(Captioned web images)
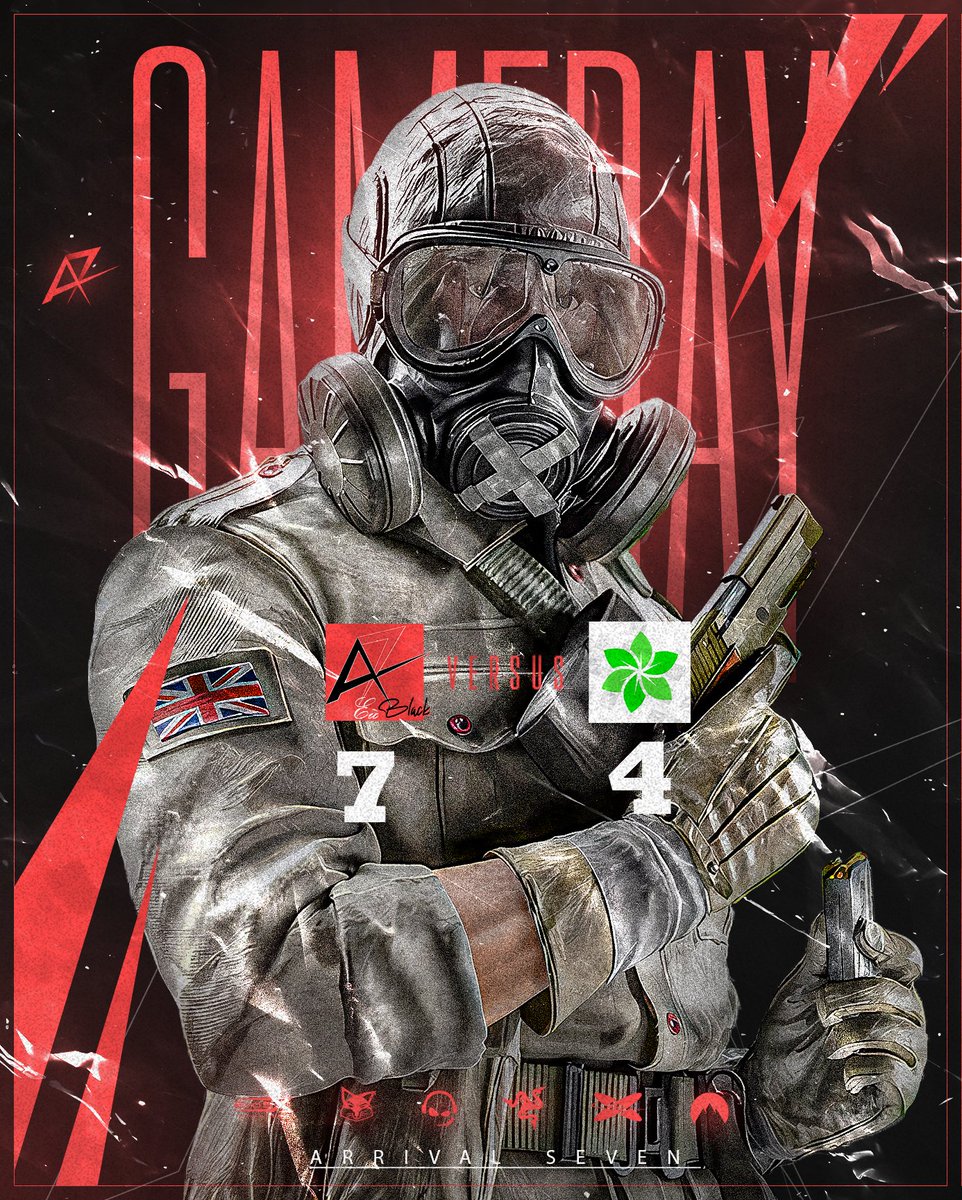 And We Back with <a href="/ELC_EsportsR6/">Euro League&Cup</a>! 

⚔️A7 Eu Black vs Yforever ⚔️

✅7-4✅

Eu-Black Roster:
👤<a href="/alphxsm/">🇮🇹⁶₆⁷</a>
👤<a href="/Sne4zzYY/">Sandro Franco</a>
👤<a href="/Amb1_A7/">diogo</a>
👤<a href="/EJkozenR6/">EJkozen</a>
👤@Kataa_667

Stay tuned for more League updates! #ArriveUp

▶ **EXERCISE PROMPT**
Looking through the records, copy out every line in which the word "Black" is found.

▶ **SOLUTION**
⚔️A7 Eu Black vs Yforever ⚔️
Eu-Black Roster:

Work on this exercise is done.